━━━━━ Records for this exercise

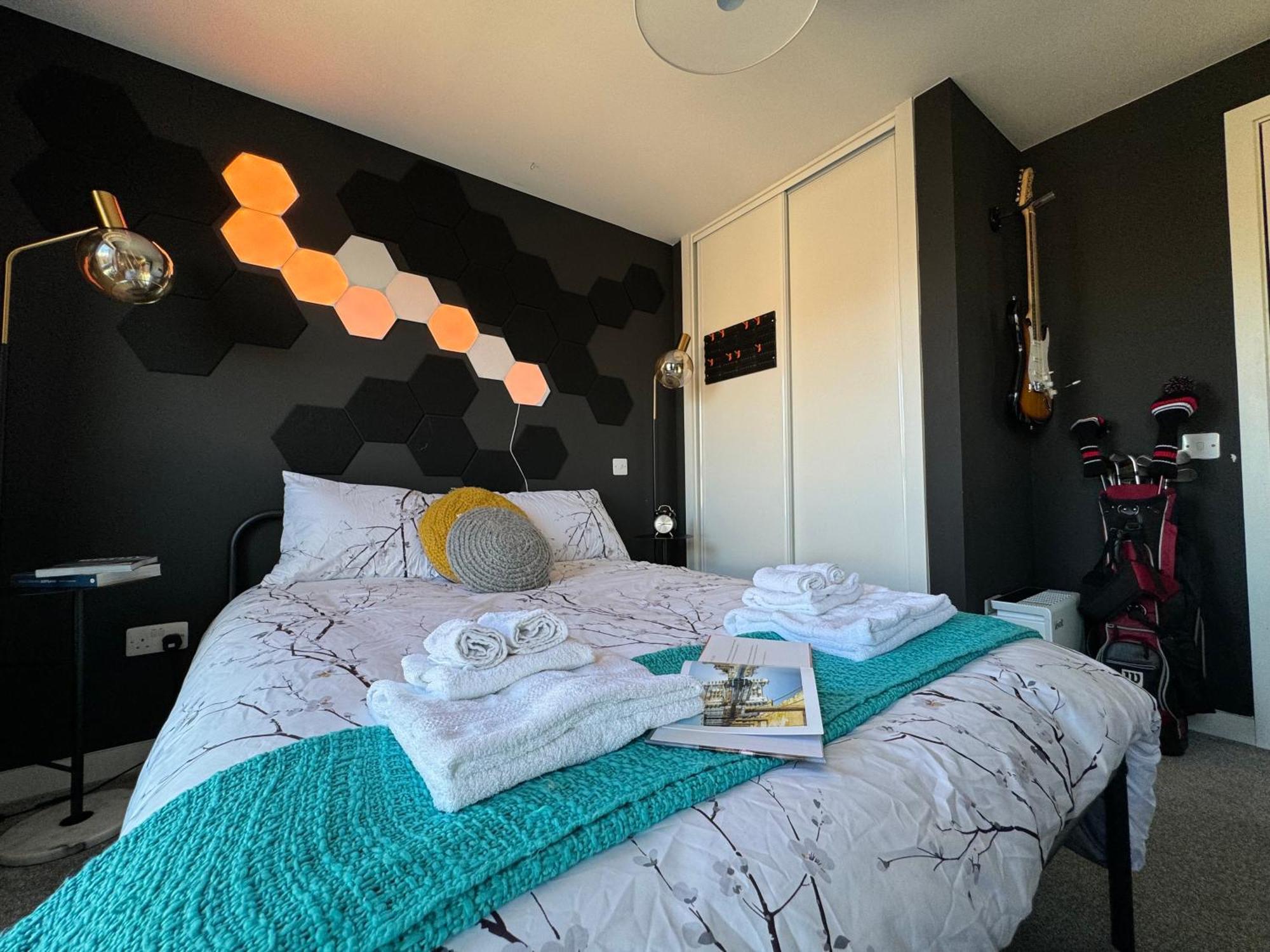 Private Cozy & Stylish Room In A Shared Flat In Edinburgh *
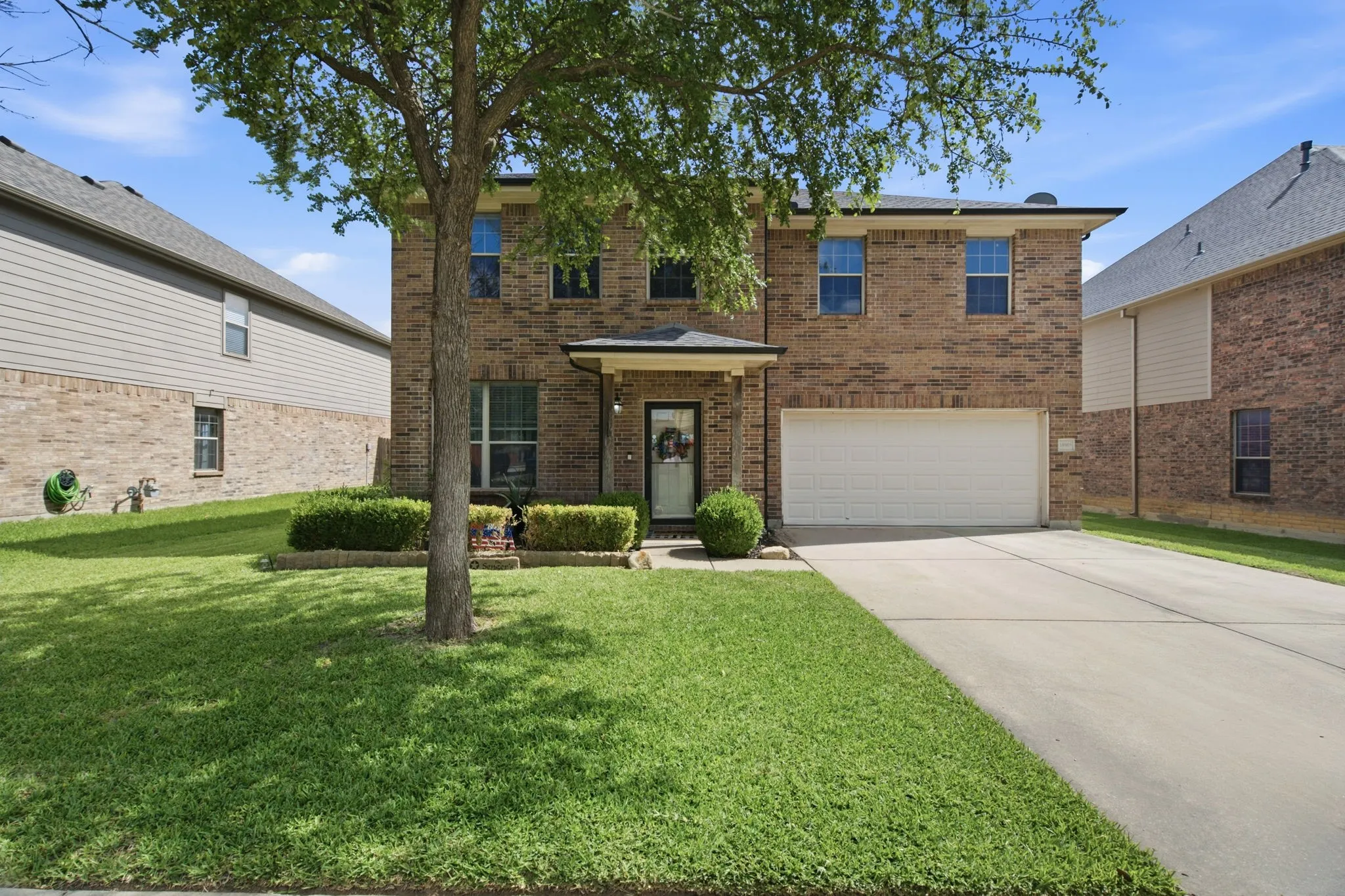 Single Family Residence For Sale in Tarrant County , 10805 Ambling Trail, Fort Worth, Texas 76108, 4 Bedroom, 3 Bathroom, 2 Garage spaces, 2,664 Sqft, built in 2005, mls#21304006, Real Estate Agent in Fort Worth, Homes For Sale in Tarrant county, Homes For Sale in Fort Worth, Realtor in Fort Worth Texas, Real Estate Brokerage Independent Realty Texas, Luminita Cordes Realtor
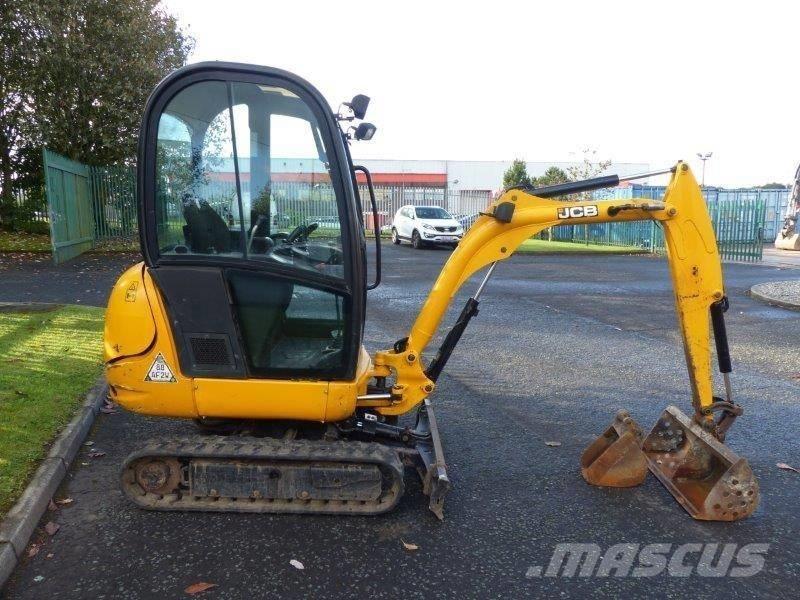 JCB 8018 小型挖掘机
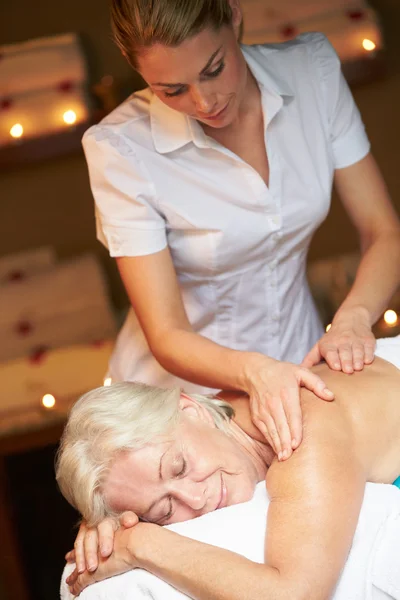 Spa merkezinde masaj sahip kadın kıdemli — Stok fotoğraf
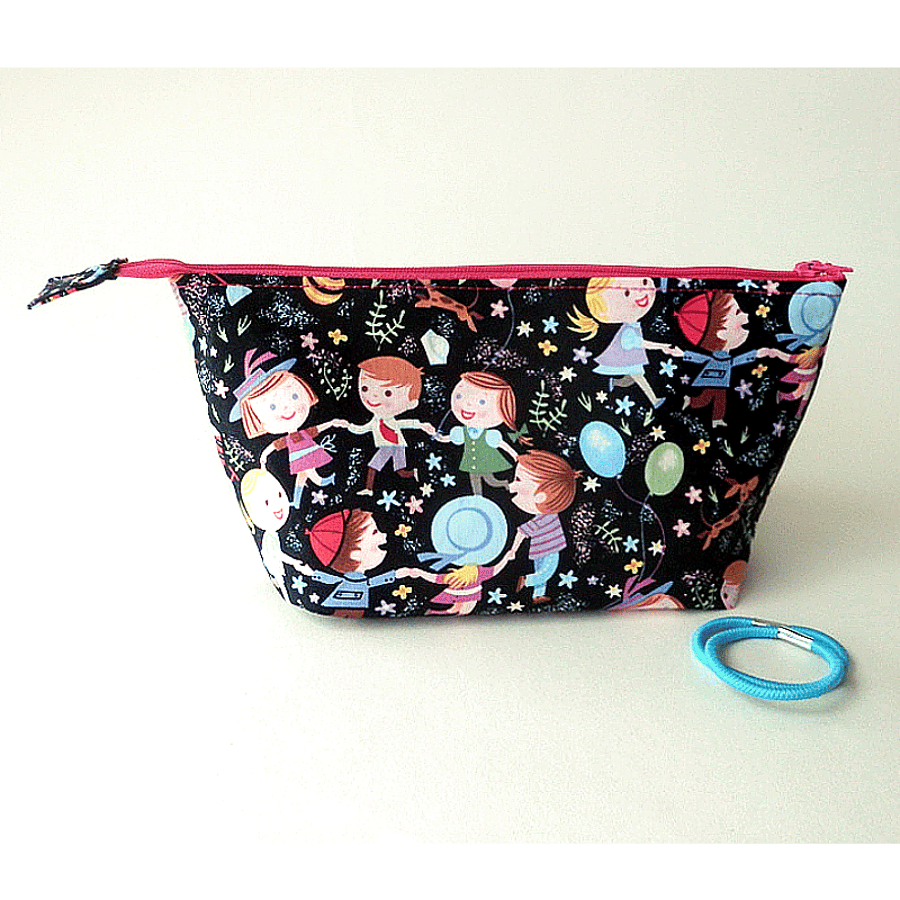 Ring-a-ring o’roses wide zipped pouch, make-up bag, small and colourful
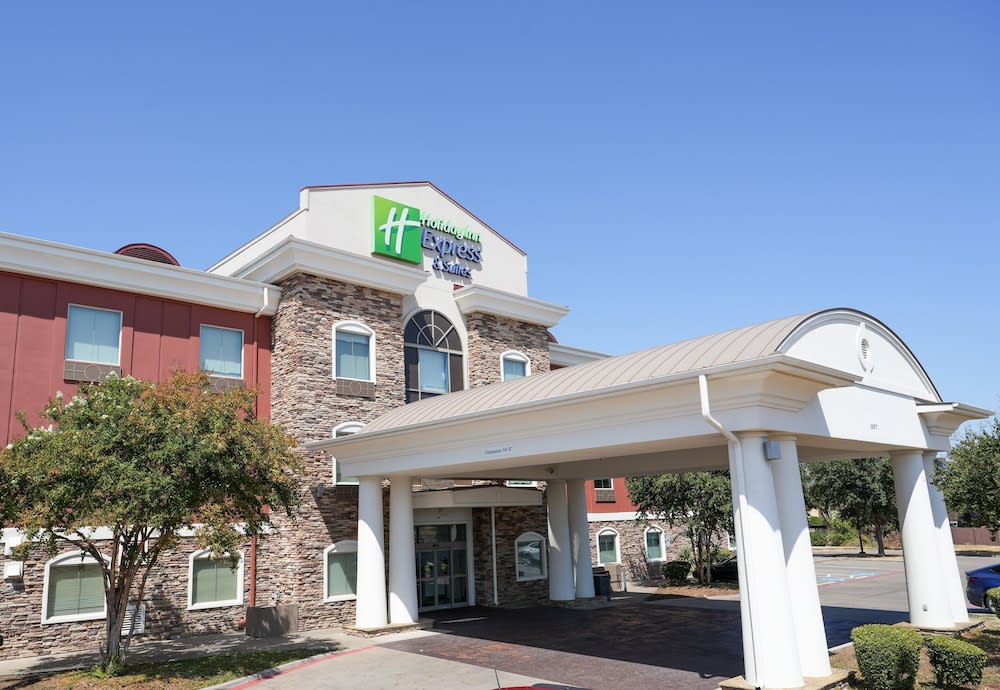 Holiday Inn Express & Suites DALLAS SOUTHWEST-CEDAR HILL by IHG 1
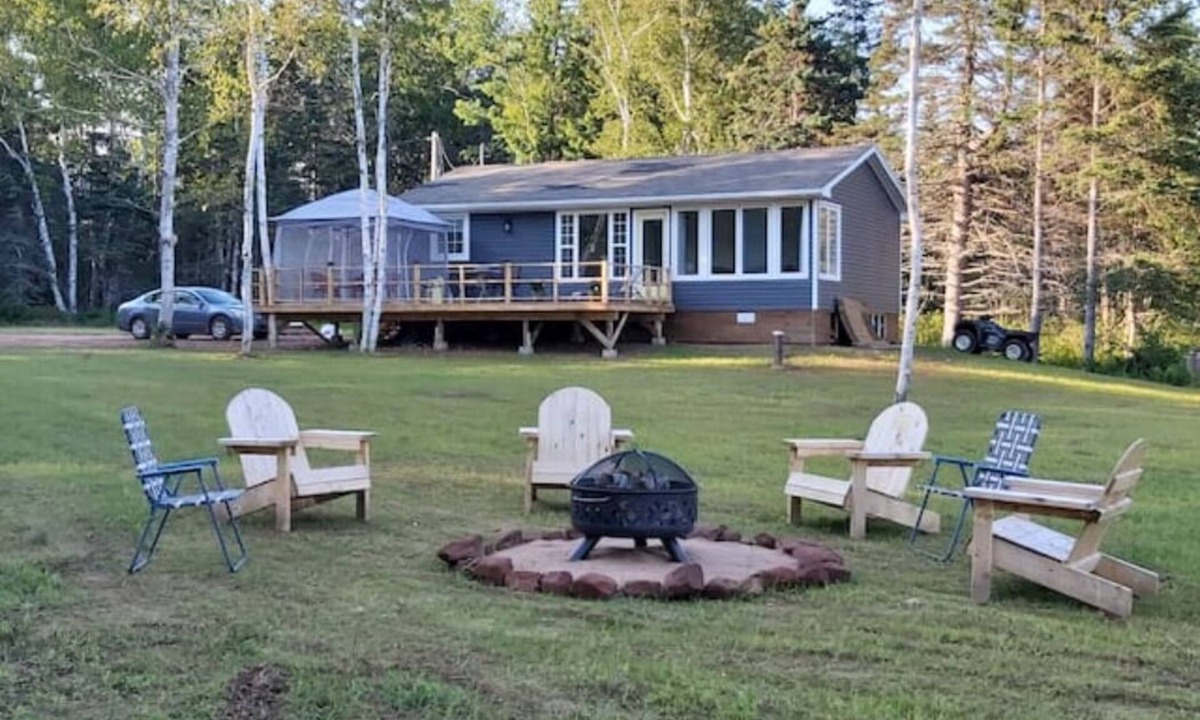Wood Islands Cottage | Five-minute walk to the sandy beach: Starfish Cottage awaits.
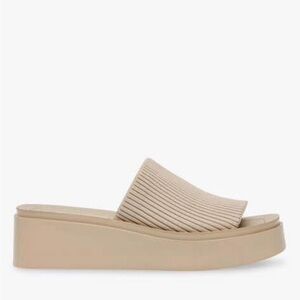 STEVE MADDEN Women's Beige Platform Slide Sandals Wedges, Size 7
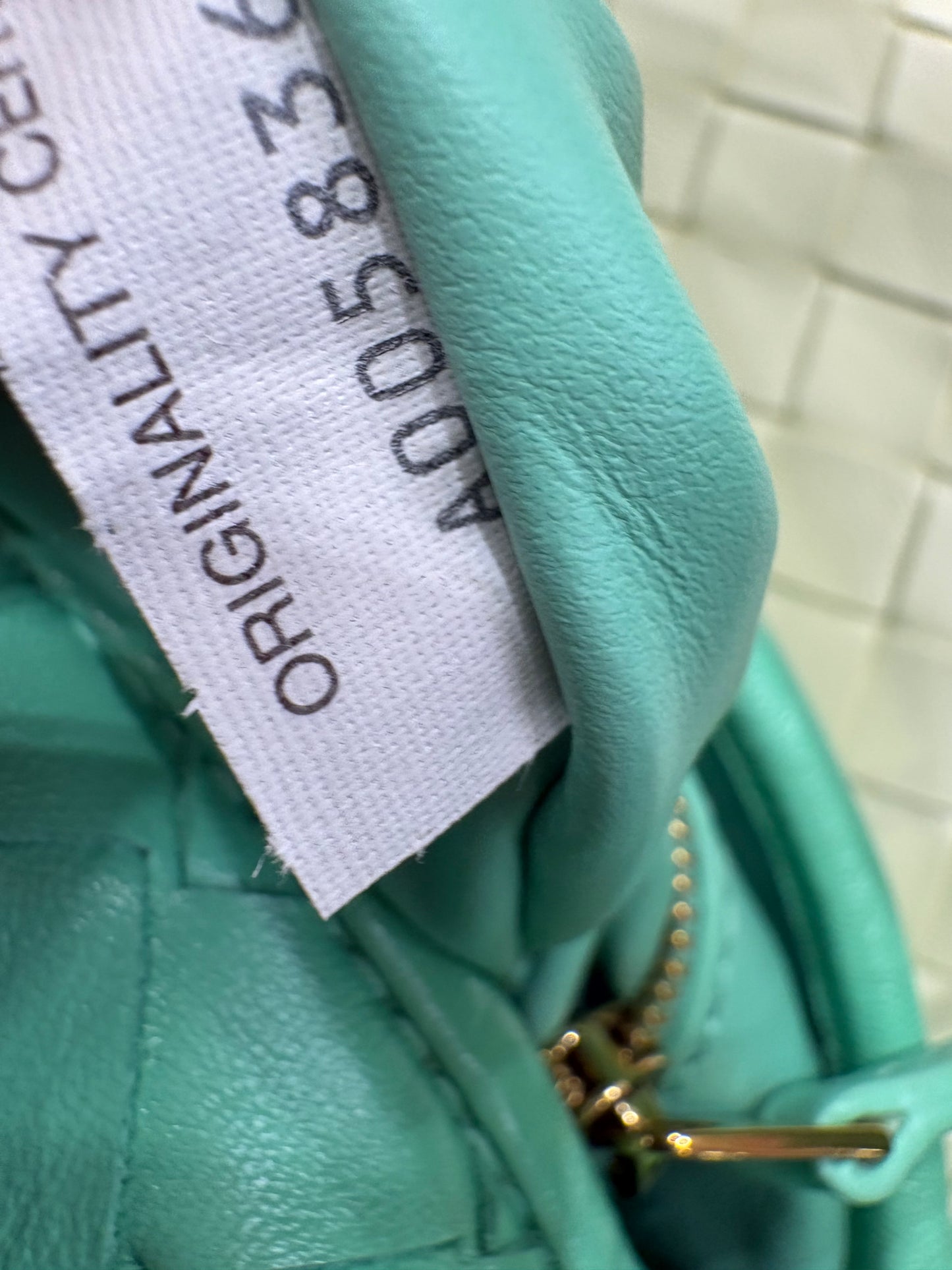 Bottega Veneta Hop in pelle intrecciata verde menta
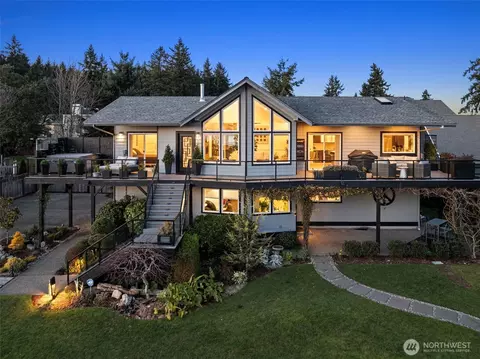 1229 Queets Dr, Fox Island, WA 98333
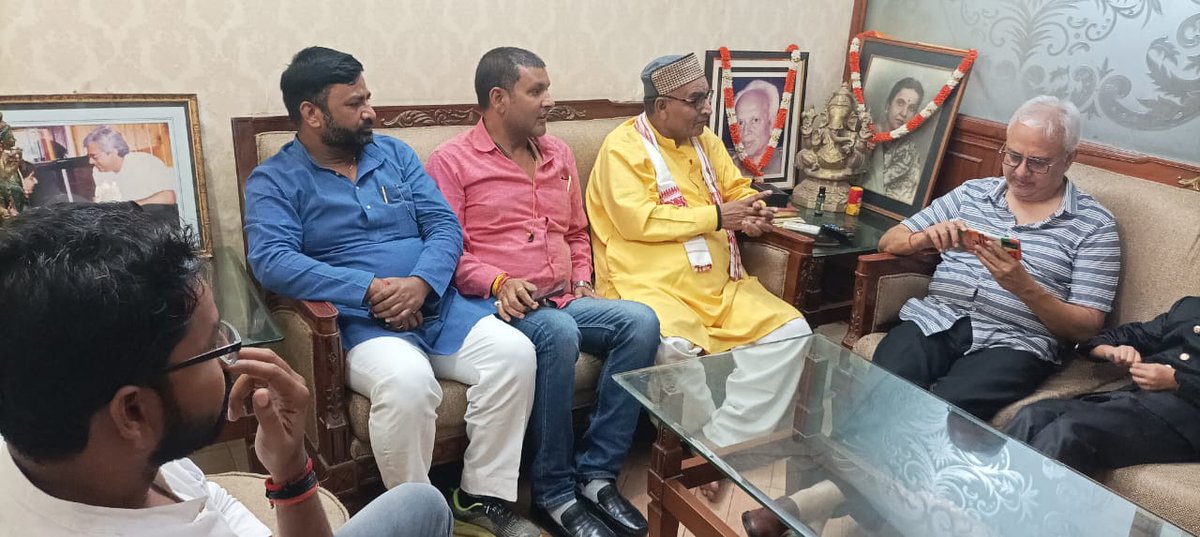 आज लखनऊ प्रवास के दौरान कुशीनगर की प्रिय जनता, भाजपा के सक्रिय कार्यकर्तागण का आगमन हुआ. श्री मुकेश दुबे जी, श्री घनश्याम गोरखपुरी जी, श्री शैलेंद्र सिंह जी समेत सभी के साथ स्नेहिल समय व्यतीत किया.

आप सभी का विशेष आभार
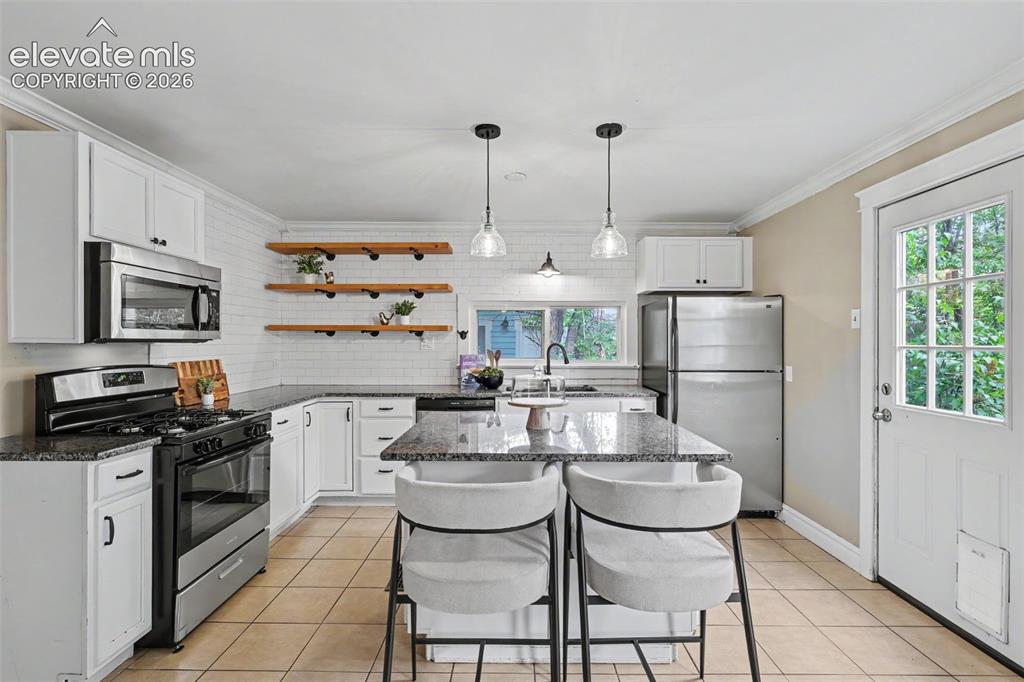 Image 2 of 21: Kitchen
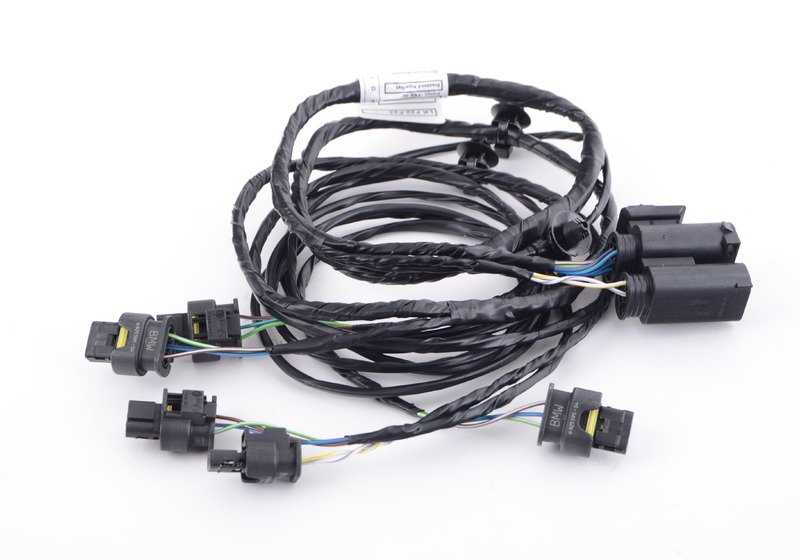 Cableado frontal OEM 61129327111 para BMW F22, F23, F87, F80, F82, F83. Recambio original BMW. Ideal para sustituir cableado dañado en el paragolpes delantero.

━━━━━━━━━━

Task goal - Take the records from their first line through the line containing "STEVE MADDEN Women's" and please return exactly those lines, both ends included, minus the pictures.

Task output -
 Private Cozy & Stylish Room In A Shared Flat In Edinburgh *
 Single Family Residence For Sale in Tarrant County , 10805 Ambling Trail, Fort Worth, Texas 76108, 4 Bedroom, 3 Bathroom, 2 Garage spaces, 2,664 Sqft, built in 2005, mls#21304006, Real Estate Agent in Fort Worth, Homes For Sale in Tarrant county, Homes For Sale in Fort Worth, Realtor in Fort Worth Texas, Real Estate Brokerage Independent Realty Texas, Luminita Cordes Realtor
 JCB 8018 小型挖掘机
 Spa merkezinde masaj sahip kadın kıdemli — Stok fotoğraf
 Ring-a-ring o’roses wide zipped pouch, make-up bag, small and colourful
 Holiday Inn Express & Suites DALLAS SOUTHWEST-CEDAR HILL by IHG 1
Wood Islands Cottage | Five-minute walk to the sandy beach: Starfish Cottage awaits.
 STEVE MADDEN Women's Beige Platform Slide Sandals Wedges, Size 7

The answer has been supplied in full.